Consultant Cameron Ralph Khoury reviewed the BCCC last year and released its report last December. It made 19 recommendations – 10 of which are within the remit of the BCCC and all of which are being addressed. 

Among the other recommendations within its remit, the ABA has agreed that:
•    the BCCC’s charter will be amended to describe the committee’s role as both monitoring code compliance and promoting best practice code implementation;
•    the BCCC will be given power to require a bank to undertake a compliance review of any rectification action if the BCCC considers the seriousness of the breach warrants it;
•    the BCCC’s power to report serious or systemic non-compliance to ASIC will be extended so it is not limited to situation where the non-compliance is ongoing; and
•    the BCCC will have a referral power to the Australian Financial Complaints Authority, where it finds non-compliance that warrants customer remediation.

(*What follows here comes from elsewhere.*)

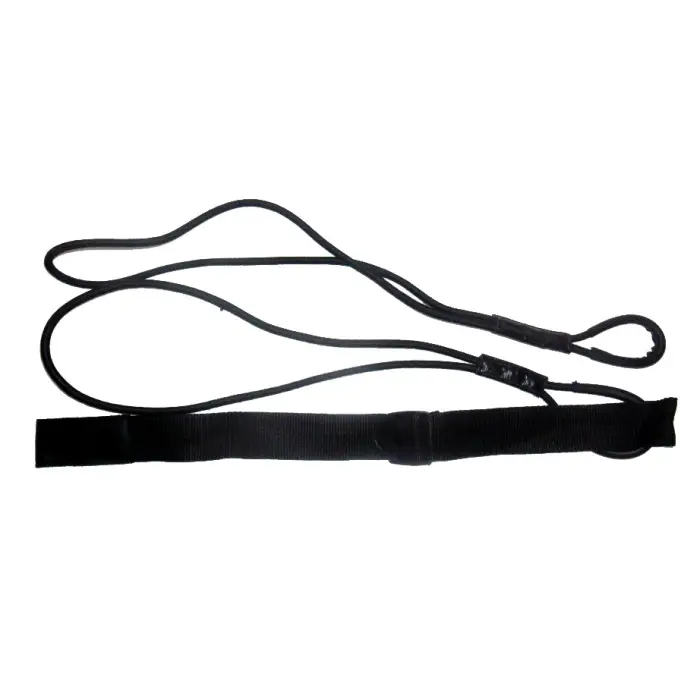 Morgan Aventus 8" Floor to Ceiling Ball + Adjustable Straps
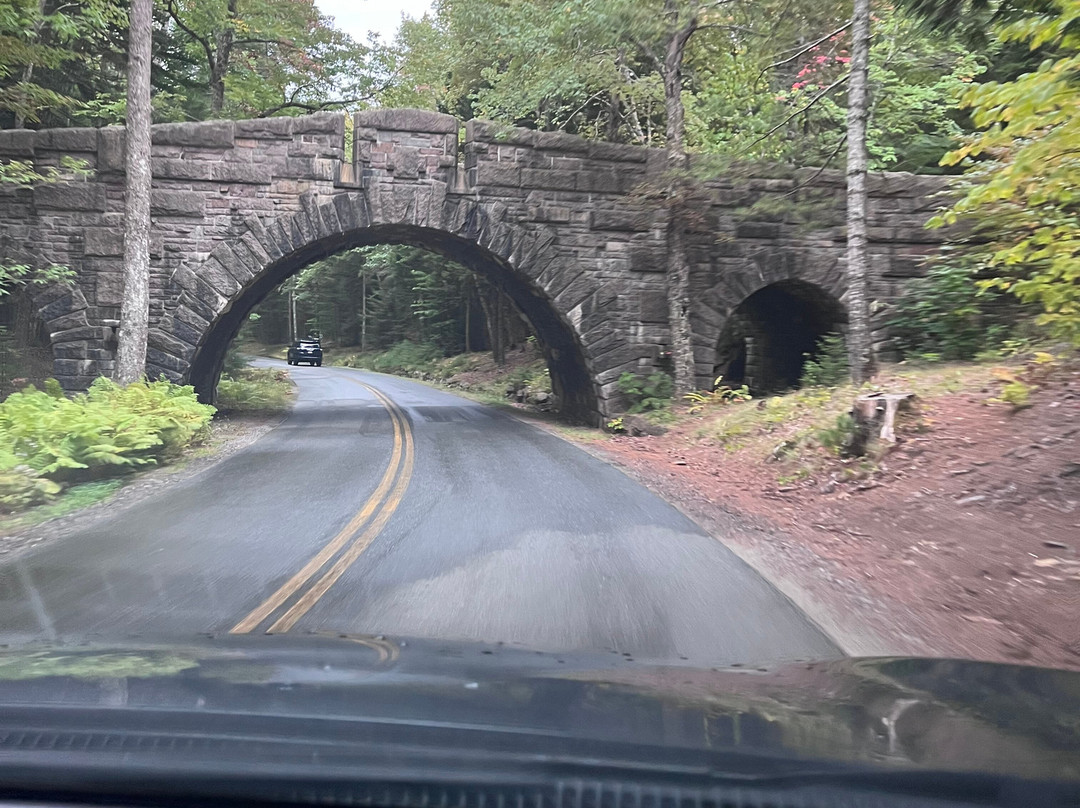 Acadia National Park-巴港必去景点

Speaking at a BCCC Forum last week, ABA chief executive Anna Bligh said the move to naming banks in breach reports would be dependent on the ABA being satisfied that that BCCC’s breach reporting was “consistent”.

Bligh asked, as a hypothetical, whether a breach impacting 10,000 customers was a single breach or 10,000 breaches.

This was a curious question to raise, since the BCCC’s Breach Identification and Reporting Guidance Note makes clear that “where an incident results in multiple breaches of the same type, this is to be counted as one breach of the relevant code chapter or obligation”.

Among the recommendations within the BCCC’s remit, Cameron Ralph Khoury said it should revitalise its small business and agribusiness panel, improve the speed of reporting and adopt a continuous improvement approach to data collection.